Before I signed up with TIAA-CREF online, I set up a special email address that I gave only to them. Let’s say firstname.lastname@example.org. It forwarded all emails from them to my “real” email, which I don’t give out. This morning I went back into the control panel and deleted that address. I then set up a new forward, like email@example.com. Then I logged in to my TIAA-CREF account and put that new address in my profile. Now when the body snatchers send email to that stolen address, it will bounce back. But TIAA-CREFF will still be able to contact me. Minimal hassel, and no worries.
I do this with all companies/organizations I do business with ongoing. I also keep a couple of catch-all forwards like firstname.lastname@example.org for use with 1-time purchases or other things I don’t plan a long-term relationship with. If I start getting a lot of spam (which hasn’t happened yet), I’ll just delete them and set up something else for future use. Speaking of spam…
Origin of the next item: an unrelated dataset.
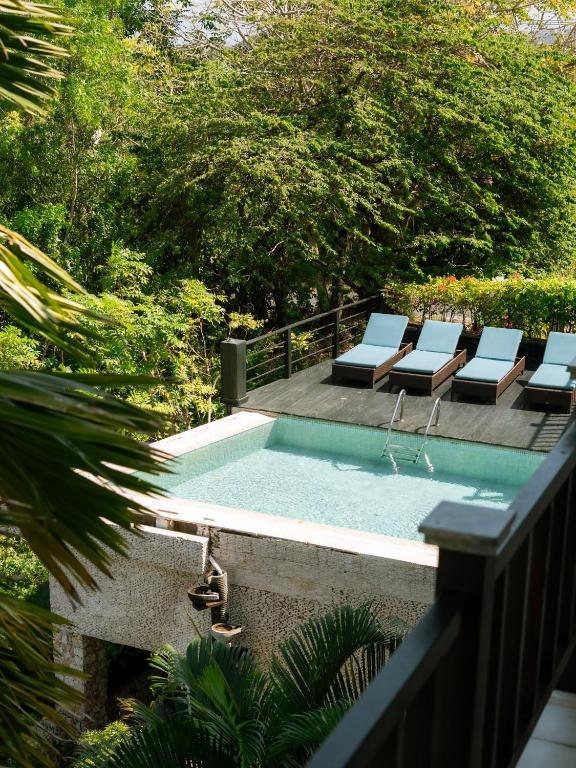Adila Bali - Ferienwohnung Uluwatu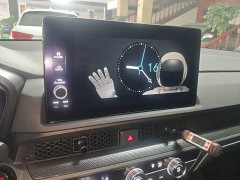 Honda CR-V 240TURBO FWD Sharp Edition 5-Seater - ფოტო 13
On several forums, I’ve heard a lot of complaints about the spam people get on their freemail. And lack of support. Etc. etc. What do they expect? They help MegaCorp. Inc. reap jillions, they get free email. That’s the deal. Ya want caviare and chilled vodka with that? Another benefit I get for my money: my host is comparatively small, and thus not a major international target for spammers. They have very effective anti-spam in place. On top of that, I can go into my control panel and blacklist anybody who does get spam past the safeguards. I can forward the spam to the provider who will take further measures to prevent the spammer from returning in the same incarnation. In the words of Steely Dan, “it’s cheap, but it’s not free”. Today’s email from TIAA-CREF reminds me it’s worth the cost and the little extra fiddling with email forwards.
And now a shameless self-serving plug!
I got an email this week from my hosting company about a Spring promotion they have going: $3.88/mo. for the first year (it goes to $7.77/mo. after that – still cheap for unlimited storage, unlimited traffic, unlimited email accounts, lots more). Easy, no-gimmicks single plan with everything a lot of people would ever need. Another reason I like them.
If anything I’ve pontificated on so far appeals to you and you decide to Just Say NO to Freemail… if you use these links to sign up with these guys:
… I get a little kickback towards the cost of my hosting, which will help me keep my free MP3 music downloads online and happening.
To be frank, they don’t have the best deal on domains. For just $1.99/mo. (renewal will be $8.99) over at proserverhosting.com you can register a .info domain …all you need if you just want one for personal use for email, and maybe a small personal site. It’s a little more complicated to point a domain registered elsewhere to a hosting account at PowWeb. You might not mind spending a bit more and let them handle everything.
Well, I guess it all comes down to “Ya pays yer money and ya takes yer choice". For my money, I’ll choose registering a domain and subscribing to a good hosting service over ad-plastered MegaCorp freemail any day. Do whatever works for you.
Thanks for listening. Have a nice day. Stay out of jail.